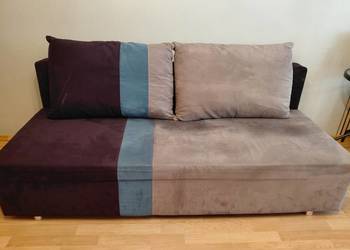 Oddam dwa łóżka rozkladane do odswierzenia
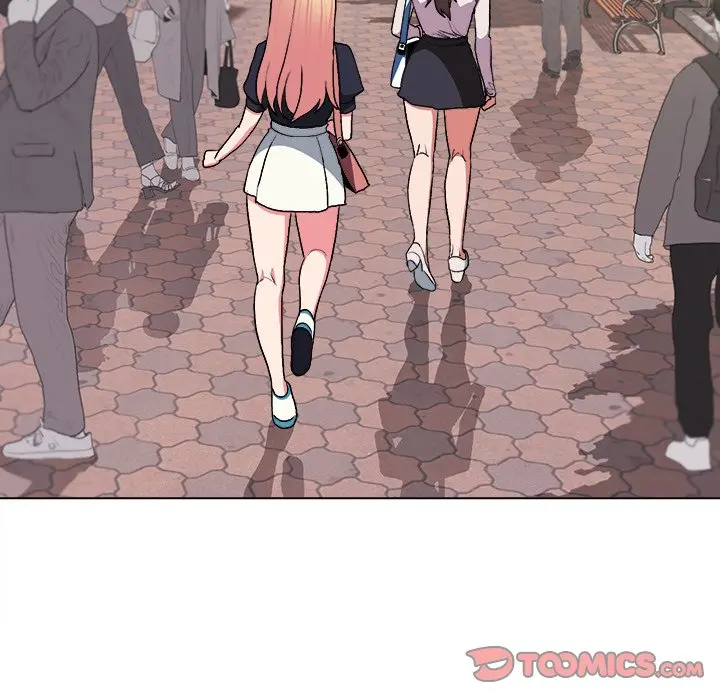 An Outsiders Way In Chapter 14 - Page 135
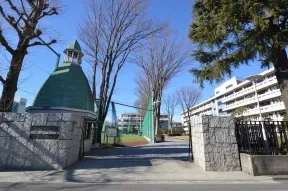 國學院大学久我山中学高等学校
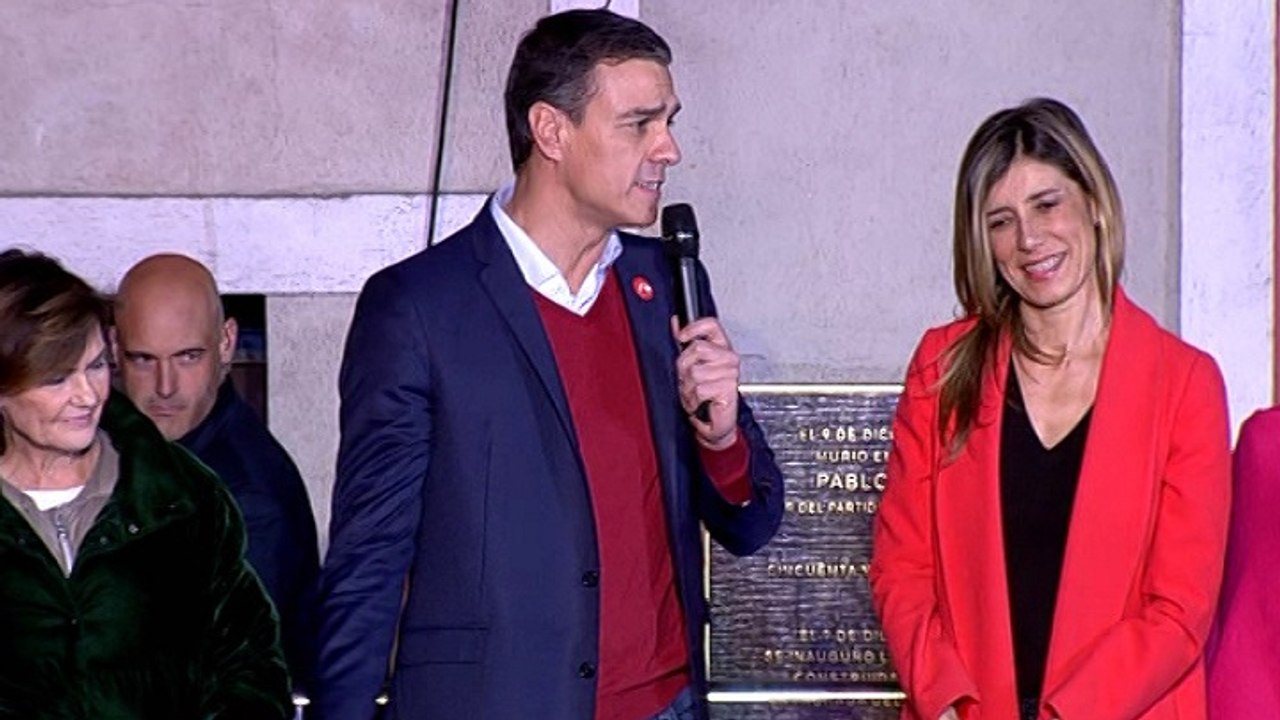Sánchez ofrecerá responsabilidad para un Gobierno progresista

*PROBLEM DESCRIPTION*
Apart from the pictures, every line of the data above should be given again exactly.

*EXERCISE RESPONSE*
 Oddam dwa łóżka rozkladane do odswierzenia
 An Outsiders Way In Chapter 14 - Page 135
 國學院大学久我山中学高等学校
Sánchez ofrecerá responsabilidad para un Gobierno progresista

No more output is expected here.